Those of-age in the Vanderbilt community can now purchase wine seven days a week at their local grocery store beginning Sunday, Jan. 6. HB 1540, passed in April 2018, altered state alcohol laws, including permitting grocery stores to sell wine on Sundays between 10 a.m. and 11 p.m.
Previous Tennessee state alcohol laws forbade the sale of alcohol on Sundays in any retailer. The new legislation, signed into law by outgoing Governor Bill Haslam April 2018, changed the laws to allow Sunday wine sales in grocery stores, as well as permitted liquor stores to open on Sundays– a portion of the bill that went into effect in August– among other changes.
“The purpose again in bringing this bill is to give consumers who are our constituents and businesses the ability to make their own decisions regarding the purchase and sale of these products instead of the current system that has the government telling them what they can do and what they can’t do,” Rep. Gerald McCormick told the Tennessean in an April article.
At the Piggly Wiggly on West End, manager David Wilson didn’t see many alcohol sales in the store on Sunday. The fairly low sales may be because local residents may not know about the change in law, he said.
The measure wasn’t universally popular in the legislature. Some representatives opposed the sale of alcohol on Sundays on religious grounds; Rep. Andy Holt quoted the Bible in the legislative chamber to counter the legislation.

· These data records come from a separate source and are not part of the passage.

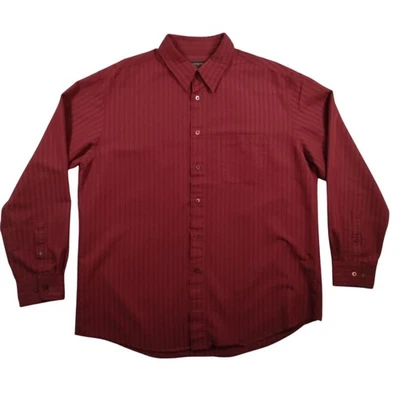 Camisa Covington Para Hombres XL Rojo Tonal Rayas Manga Larga Botón Delantero Vestido Foto 1 de 4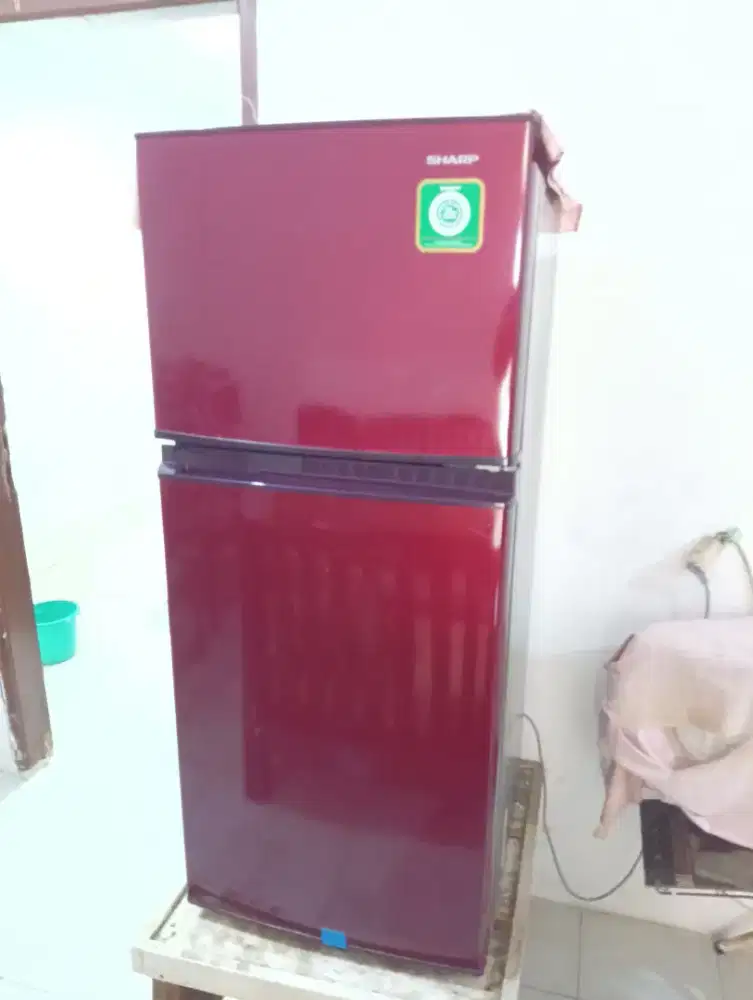 Kulkas SHARP merah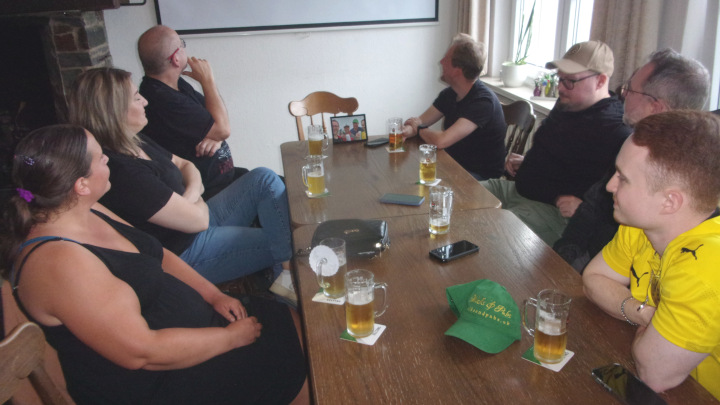 Watching football at Schacka’s.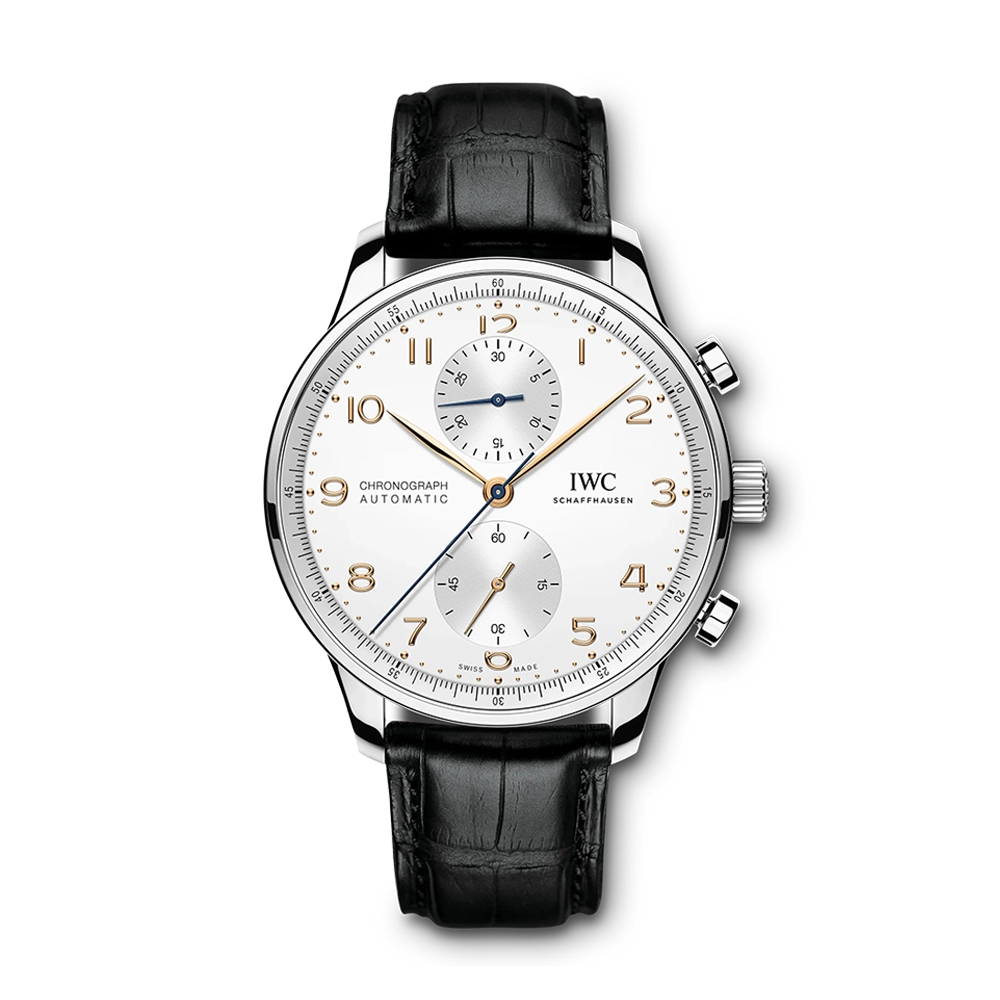 IWC Portugieser Chronograph 41 Silver Dial Leather Strap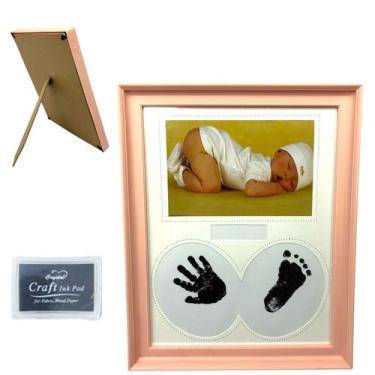 Imagem de Porta Retrato Bebê Baby Com Carimbo Pezinho E Maozinha 10x15cm - Ateli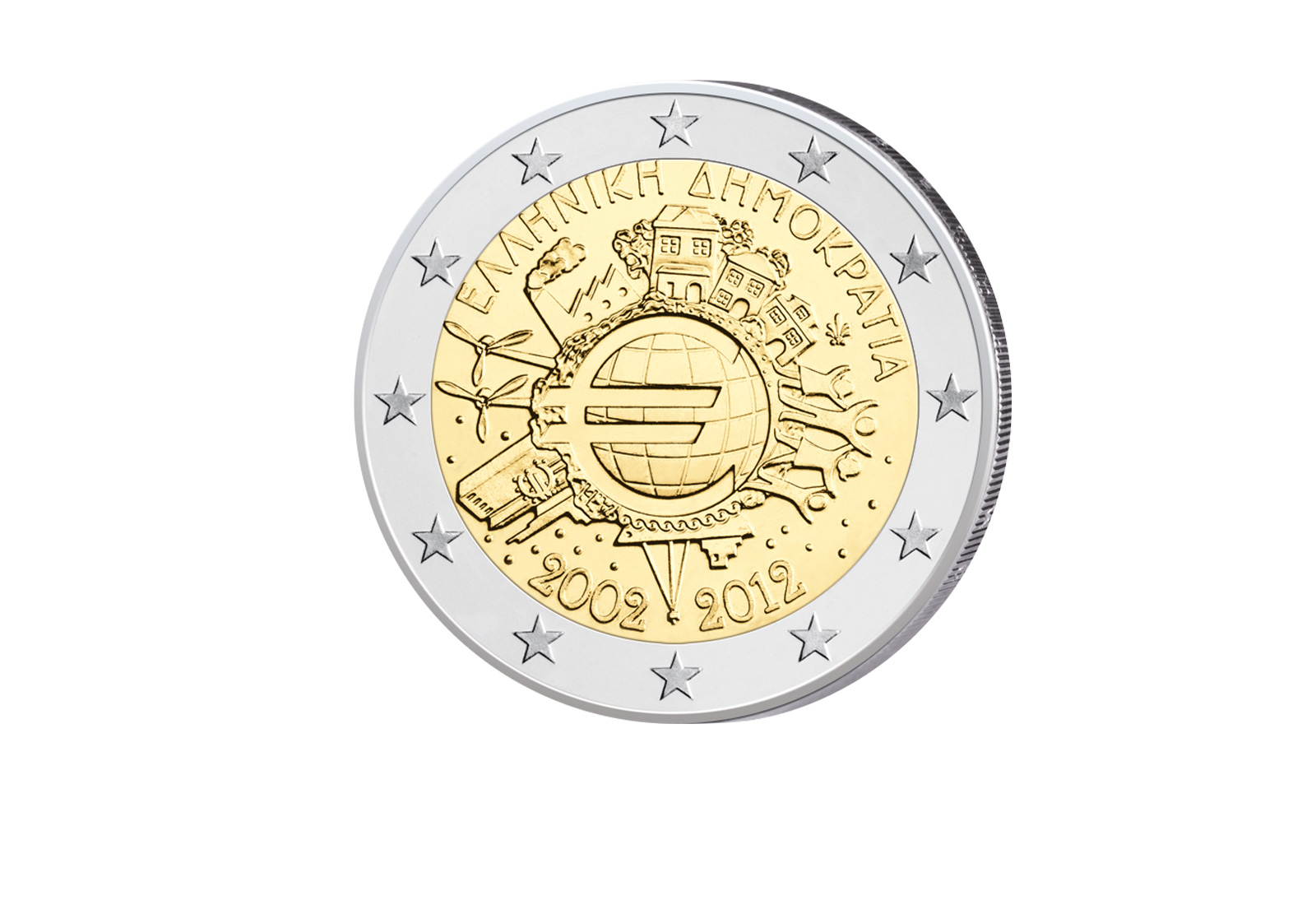 2 Euro 2012 Griechenland 10 Jahre Bargeld Gemeinschaftsausgabe bfr.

However, this logic is not well-accepted among all Christian members of the community, and some students support the change in policy to permit more lenient alcohol sales.

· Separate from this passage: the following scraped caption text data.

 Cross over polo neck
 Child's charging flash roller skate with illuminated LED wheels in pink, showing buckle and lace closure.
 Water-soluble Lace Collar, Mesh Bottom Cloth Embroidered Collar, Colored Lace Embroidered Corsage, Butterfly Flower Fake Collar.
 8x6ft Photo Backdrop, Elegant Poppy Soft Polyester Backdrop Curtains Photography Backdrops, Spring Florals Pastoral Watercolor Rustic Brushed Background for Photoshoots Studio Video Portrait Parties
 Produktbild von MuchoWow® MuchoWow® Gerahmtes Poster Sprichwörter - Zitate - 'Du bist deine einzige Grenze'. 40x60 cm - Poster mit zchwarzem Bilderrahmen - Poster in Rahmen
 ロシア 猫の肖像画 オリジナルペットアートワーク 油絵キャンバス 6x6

“I think that the writers of the original legislation had good intentions, but they were misguided and probably took a few Bible verses out of context,” RUF member and co-leader of freshman Bible study Reilly Menchaca said.
Senator Jeff Yarbro, who represents Vanderbilt’s district in the Tennessee Senate, supported the measure.
“The thing most people and families are short on is time, and if someone’s going to do their shopping on Sundays, they ought to be able to shop for wine or alcohol too,” Yarbro said. “I expect people will take advantage of this change in the law and that, for the most part, it will be a convenience and time saver.”